In Gary’s case, there was nothing like being rejected and then embraced. She’d been invisible, at best sneered at by most of the cool guys. Then suddenly adored by Gary, who’d been way too anxious to marry her.

— from “The Mighty Red” (Harper via AP) Louise Erdrich’s “The Mighty Red” was touted early on as one of the big books of the season and this Minneapolis Pulitzer Prize winner exceeds expectations. No wonder BookPage speculated that her 19th novel “might just be a new American classic.” In her first novel since “The Sentence” (2021), Erdrich displays all her writing talents in a multifaceted story set during hardships caused by the 2008 recession in a small town in North Dakota’s Red River Valley, named for the north-flowing Red River.

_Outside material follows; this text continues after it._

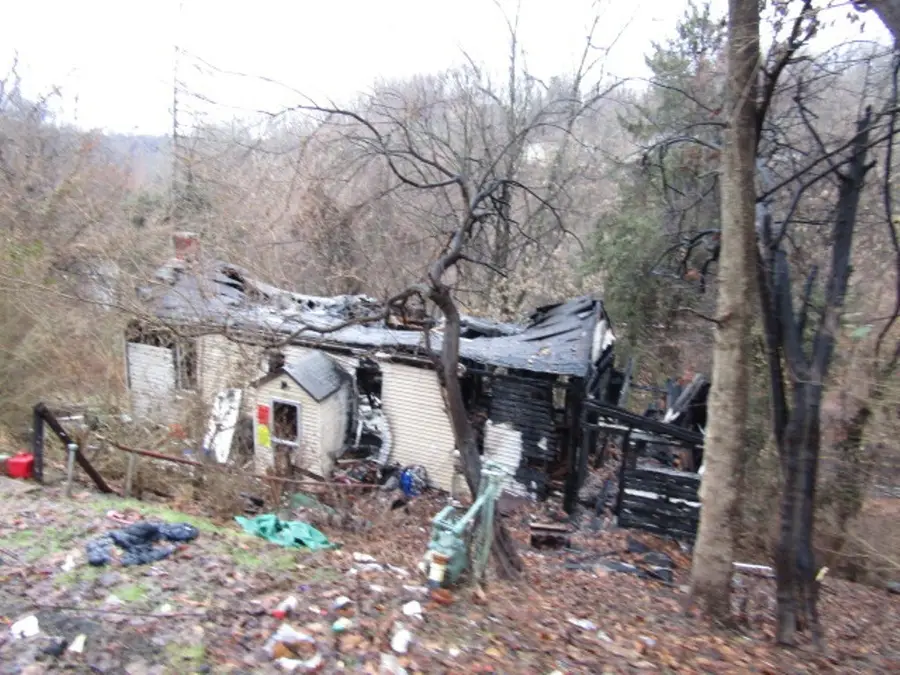 1633 E Cherryhill St, Pittsburgh, PA 15210 - #2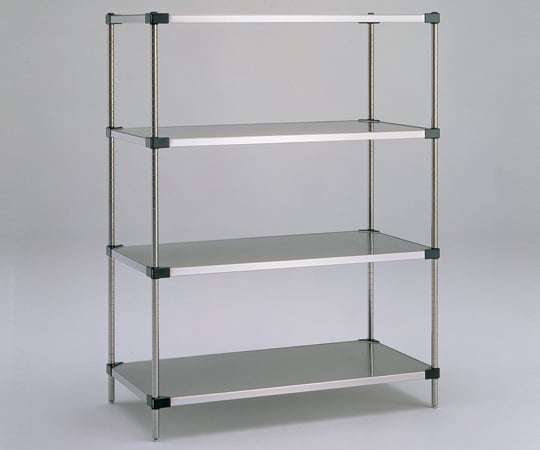 【組立】エレクター1-4585-01エレクターＬＳＳ９１０ＳＥＴドーリー無【1台】(as1-1-4585-01)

She holds together human loves and foibles, hard-working people, destruction of the land, growing and processing sugar beets, life in a rural community, all surrounding a story about teen and mother-daughter love. Told in short chapters, some only a few paragraphs on the page, it’s tender-hearted, often funny and sometimes dark. It begins with Native American Crystal hauling sugar beets from field to warehouse on the night shift.

Her smart, bored, restless daughter, Kismet, is suddenly noticed by football hero Gary Geist, son of th.